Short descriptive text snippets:
________________________

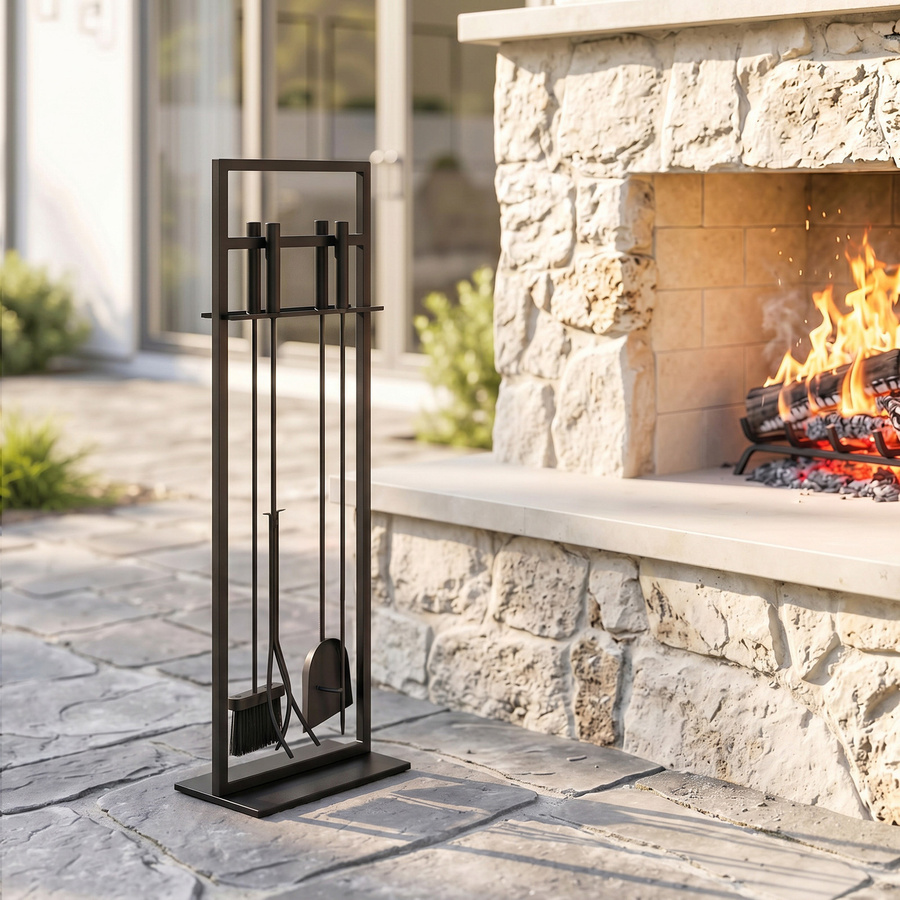 Outsunny 5-teiliges Kaminbesteck-Set aus Metall in Schwarz mit Ständer, B/T/H: 28 x 15 x 76 cm - Bild 2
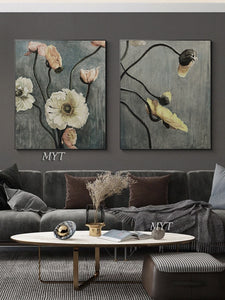 New Handmade Oil Painting Canvas Abstract Oil Painting Modern Canvas Wall Art Living Room Decorative Flower Painting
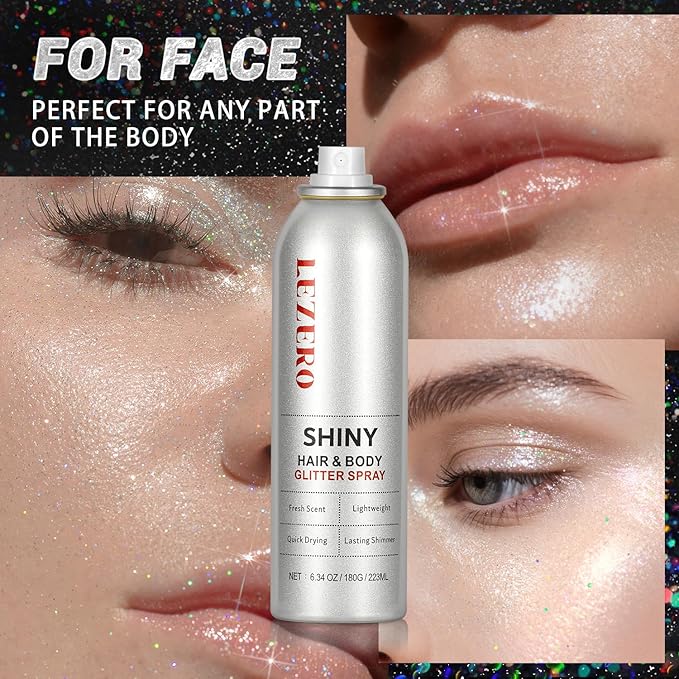 Hair and Body Glitter Spray for Women Kids, 6.34OZ Large Capacity Original Temporary Shimmery Glitter Spray for Festival Rave Outfits Accessories, Singer Concert, Wedding Season, Rainbow Silver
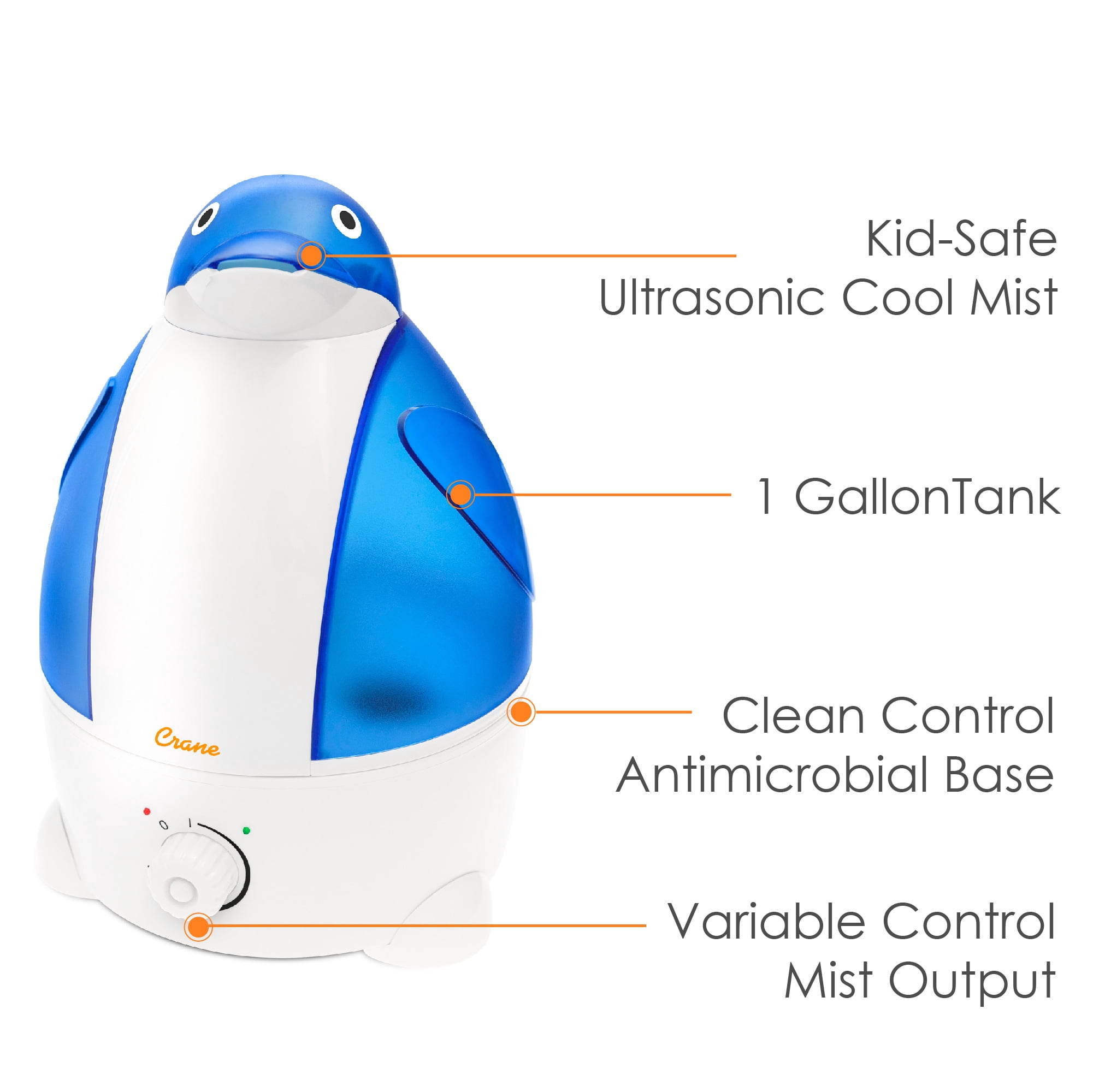 Crane Adorable Ultrasonic Cool Mist Humidifier, 1 Gallon, 500 Sq ft Coverage, 24 Hour Run Time - Penguin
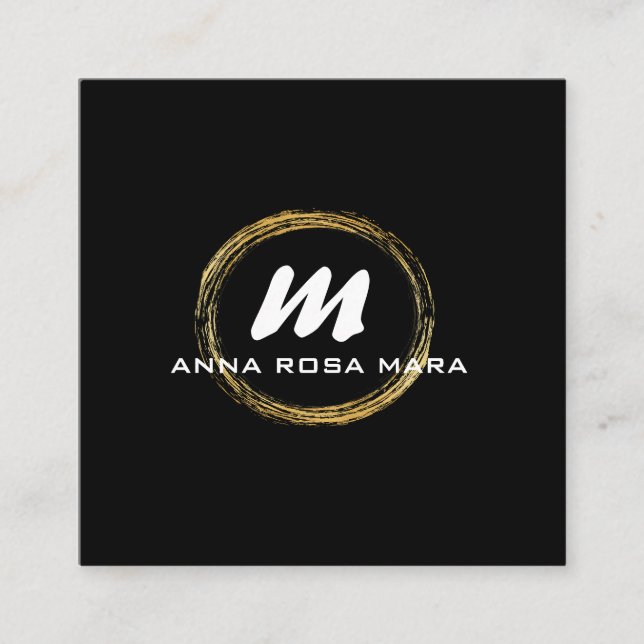 *~* QR Black Guld White Dramatic Elegant AP65 Fyrkantigt Visitkort (Framsida)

________________________

● What you are asked to do: Repeat exactly the lines above, beginning at the one containing "New Handmade Oil" and ending at the one containing "Hair and Body". Do not carry over any pictures.

● Completed task:
 New Handmade Oil Painting Canvas Abstract Oil Painting Modern Canvas Wall Art Living Room Decorative Flower Painting
 Hair and Body Glitter Spray for Women Kids, 6.34OZ Large Capacity Original Temporary Shimmery Glitter Spray for Festival Rave Outfits Accessories, Singer Concert, Wedding Season, Rainbow Silver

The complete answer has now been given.